“I am sorry, dear. I had to tell you, because I have to tell you this too. I killed him.”
Marguerite took her hands from her face and stared at her lover.
“I had to,” said Paul, in a dull voice. “There was no other way to save him. But, of course, it”—and he sat down suddenly with his hands clenched together and his head bowed—“it troubles me dreadfully. Who he was I don’t know; his face was blackened with the fire. But he may have served with me in the Chaiouïa—he may have marched up with me to Fez—we may have sat together on many nights over a camp fire, telling each other how clever we were—and I had to kill him, just as one puts a horse out of its misery.”
“Oh, my dear,” said Marguerite. She was at his side with her arm about his shoulders—comforting him. “I didn’t understand. You could do nothing else. And you were quick. He would be the first to thank you.”
Paul took the hand that was laid upon his shoulders gratefully. “No, I could do nothing else,” he said. “But I want to move, so that I mayn’t think of it.”
“I know,” she said.
She made light of her own isolation in that house. Paul, it was plain to her, was in a dangerous mood. Horror at the thing which he had been forced to do, anger at the stroke of fate which had set him to the tragic choice between his passion and his duty, bitterness against the men in power who had refused to listen, were seething within him.
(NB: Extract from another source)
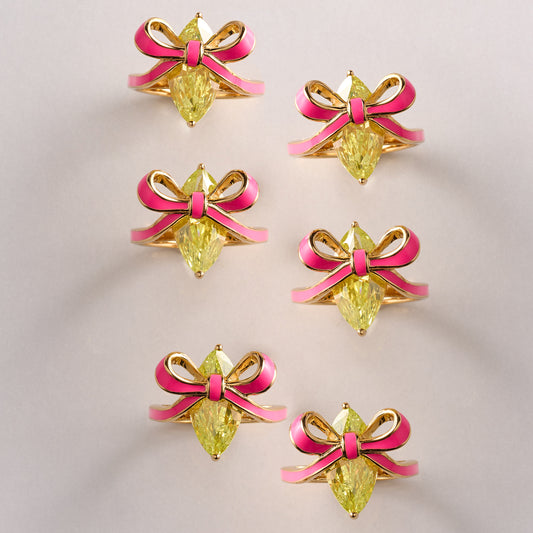 Amelia Bow Ring Bright Pink, Lime Green & Gold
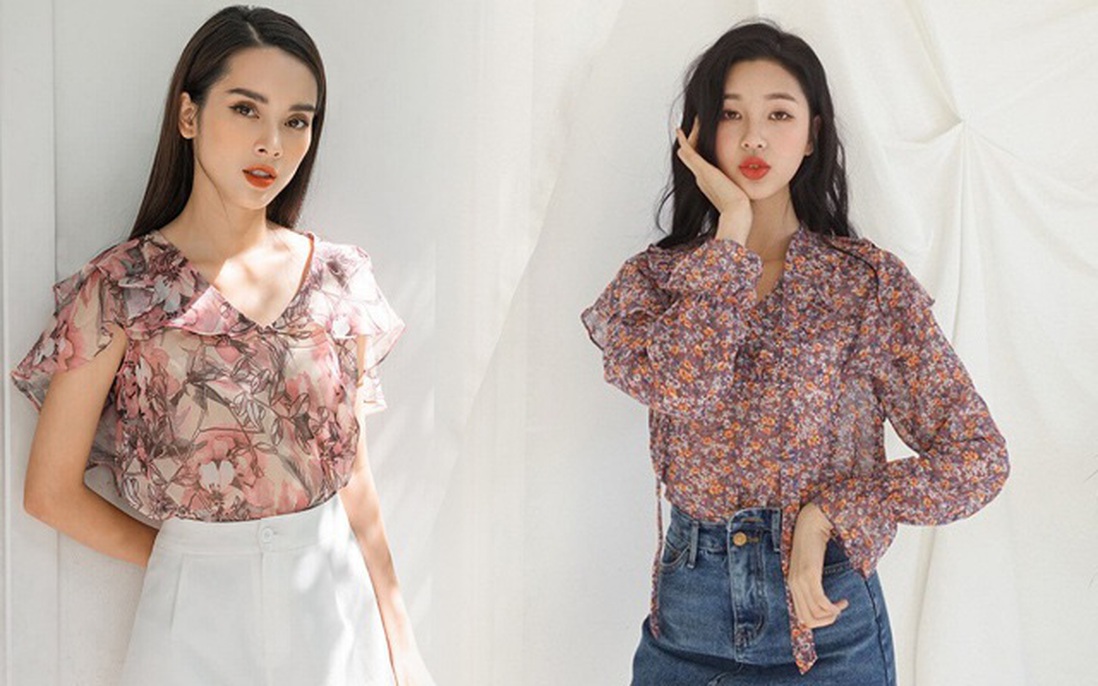 Biến ảo phong cách thời trang với áo blouse hoa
He was in a mood to run riot in a berserk rage at a chance word, a chance touch, to kill and kill and kill, until he in turn was borne down and stamped to death. But Marguerite stood aside. One appeal—it would be enough if only her eyes looked it—and without a doubt he would stay. Yes, stay and remember that he had been stayed! She did not even bid him take care or hurry back to her. She called Selim and bade him stand by the outer door.
Paul took a great staff in his hand and came back to Marguerite, and kissed her on the lips.
“Thank you,” he said. “How you know!”
“I pay my little price, Paul, for a very big love,” and as was her way, she turned off the moment of emotion with a light word and a laugh. “There! Run along, and mind you don’t get your feet wet!”